Парадокс заключается в том, что роль проводника новой идеологии в этой ситуации властям в значительной степени пришлось возложить на старое искусство. Но, как уже было показано, для того, чтобы оно смогло выполнить эту функцию, необходимо было проделать длительную и подробную работу над образом «классической музыки» в общественном сознании: определить списки имен, способных быть вписанными в культурный реестр советской эпохи на основаниях мировоззренческой «приемлемости», создать новые трактовки образов самих классиков и их произведений, связать классическое наследие с актуальными идеологическими и эстетическими задачами современности. Естественным результатом этого процесса стал переход от «редукции списка имен» к «редукции смыслов сочинений» композиторов-классиков. Это оказало необратимое воздействие на восприятие музыкальных шедевров прошлого. Общемировой процесс «омассовления» культуры в условиях революционных преобразований приобрел особенно резкие черты: понятие «классика» предстало в советскую эпоху в качестве «реестра фигур, текстов и норм их интерпретации, отобранных и препарированных (вплоть до отрывков и цитат) на самом высоком (социетальном) уровне общества, от лица его верховной власти, в расчете на практически всеобщую аудиторию»1942.
Модель классики создавалась, как было показано, в соответствии с современными запросами: ее создателей интересовало не то, какой она была, но то, какой должна быть. Специфику этого подхода к прошлому можно прокомментировать цитатой периода позднего сталинизма:
Настанет день, когда, наконец, появится в скульптуре не только Владимир Ильич, каким знали его современники, но и Владимир Ильич Ленин – символ – отображение своей эпохи, образ вождя величайшей революции, руководителя своего народа и мирового пролетариата, – такого Ленина, каким народ его представляет, каким он был в действительности1943.
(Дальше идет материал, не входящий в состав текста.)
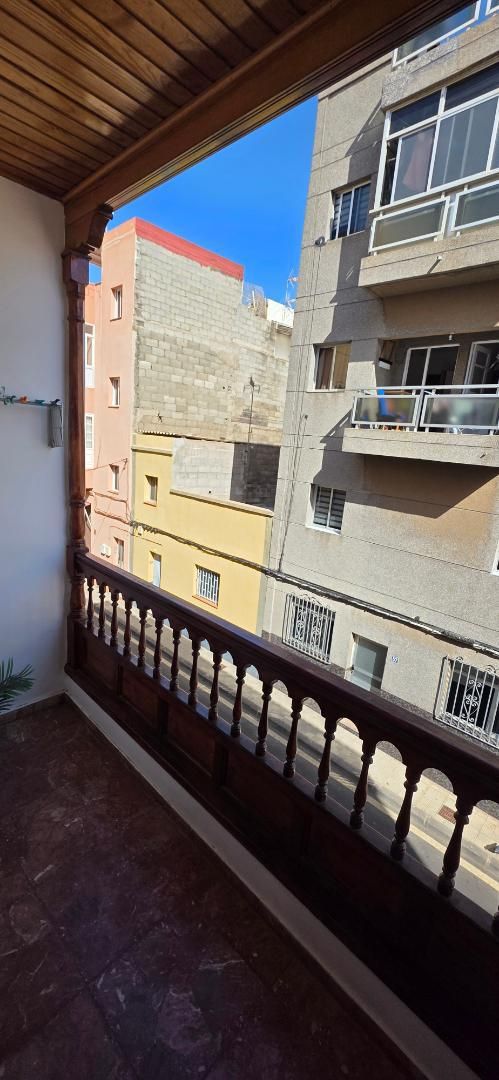 Exterior view of Flat to rent in San Cristóbal de la Laguna  with Balcony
Если даже реально существовавший человек оказывается некоей «метафизической величиной», по отношению к которой ценность воспоминаний и фактов весьма относительна и уступает в своей истинности идеальному, возвеличенному представлению о нем, сформированному «в народе» облику, другими словами – мифу, то классическое искусство прошлого, в особенности музыки, по самой природе своей апеллирующей к интерпретирующему сознанию, к слушательской фантазии, с еще большей неотвратимостью вписывалось в эти ментальные условия культуры. Одним из важнейших таких условий оказался исходный прагматизм, ибо модель восприятия классики и образы самих композиторов формировались в громадной степени такими, какими они могли быть применимы в действительности. Прагматическая интерпретация классики и означает по сути ее мифологизацию1944. Процесс «советизации»1945 затронул не только биографии композиторов – русских и зарубежных, чьи фигуры были выдвинуты на передний план идеологической борьбы. «Советизация» стала и направлением работы над интерпретацией содержания шедевров классической музыки – то путем переделки сюжетов, то с помощью идеологически «правильного» их пересказа, то через присвоение соответствующей программности, то посредством «расшифровки» смыслов.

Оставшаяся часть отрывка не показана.